Kutukan Tradisi Kebohongan Gedung Putih: Kita yang Bodoh atau Mereka yang Jenius?

Diperbarui: 26 Februari 2016   19:11

Kompasiana adalah platform blog. Konten ini menjadi tanggung jawab bloger dan tidak mewakili pandangan redaksi Kompas.

[caption caption="( Foto : pixabay.com )"][/caption]

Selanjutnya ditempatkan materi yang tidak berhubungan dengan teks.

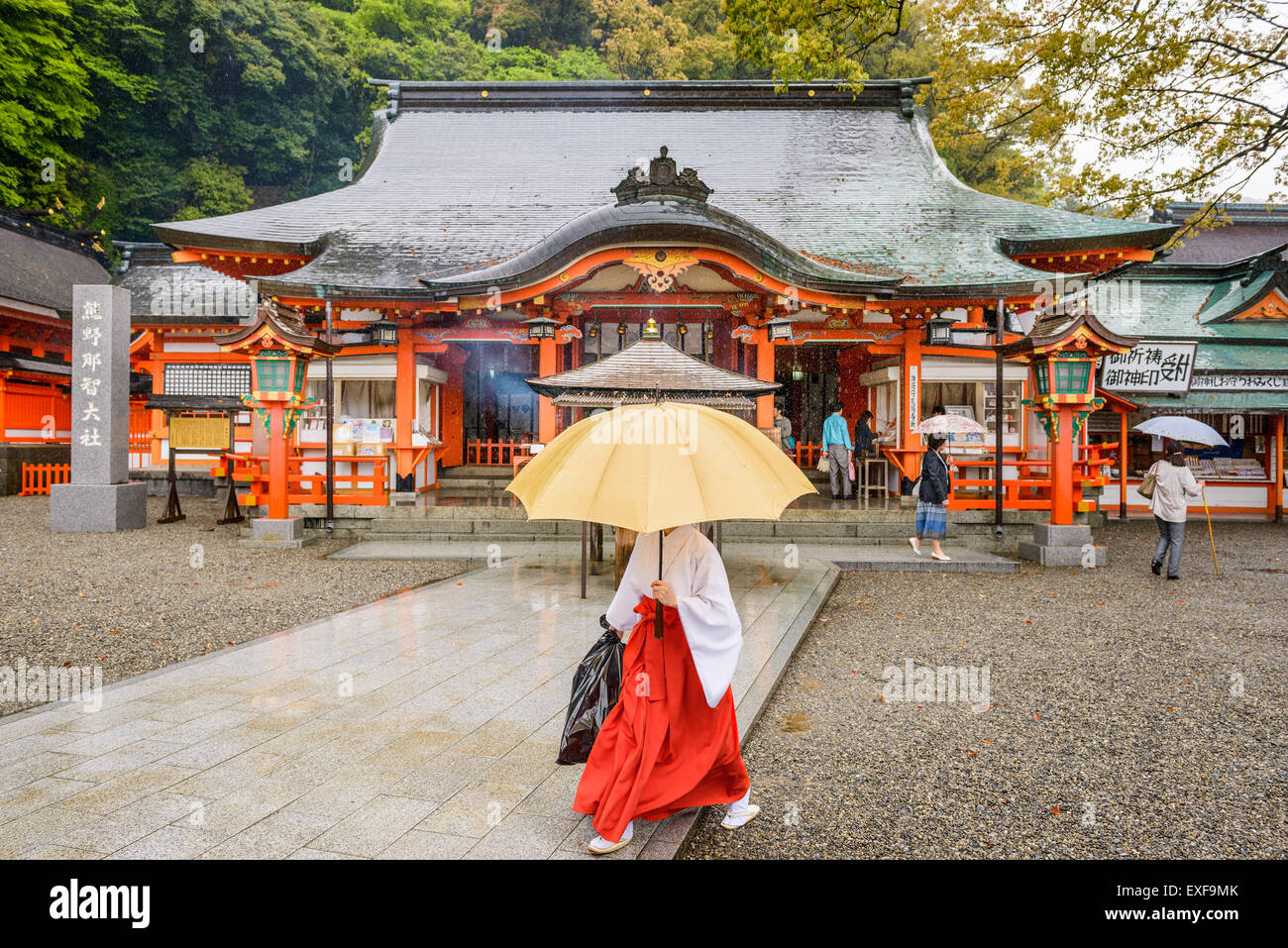 Un sacerdote sintoísta y turistas en Kumano Nachi Taisha Shrine de Heiden hall en Wakayama, Japón. Foto de stock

Kebohongan Amerika Serikat kepada publik dunia sudah berulang kali terjadi. Bahkan seperti sebuah kutukan yang telah menjadi tradisi turun temurun. Jejak kebohongan Gedung Putih ini sudah terlacak sejak Perang Dunia 1, Perang Dunia 2, Perang Korea, Perang Vietnam, Perang Balkan bahkan sampai konflik mutakhir seperti krisis Libya dan Suriah.

Namun anehnya, sebagian besar dari kita sebagai publik dunia tetap saja menelan mentah-mentah apa pun yang diberitakan -- tepatnya dipropagandakan -- oleh mereka beserta para media pendukung mereka. Fakta inilah yang melahirkan pertanyaan bagi saya, sebenarnya kita yang bodoh atau memang mereka yang jenius, sehingga begitu piawai memoles kebohongan sebagai kebenaran untuk memuluskan ambisi dan mencapai tujuan mereka?

Barangkali yang paling melekat di benak publik adalah bualan Presiden Amerika Serikat saat itu, George Walker Bush, tentang Saddam Hussein yang ditudingnya memiliki senjata pemusnah massal yang bisa mengancam perdamaian dunia. Oleh sebab itu, -- narasi yang terbangun adalah -- bagaimana pun juga Saddam harus digulingkan. Setelah dunia mempercayai bualan Bush dan mendukung agresi militer Amerika ke Irak, apa yang terjadi kemudian?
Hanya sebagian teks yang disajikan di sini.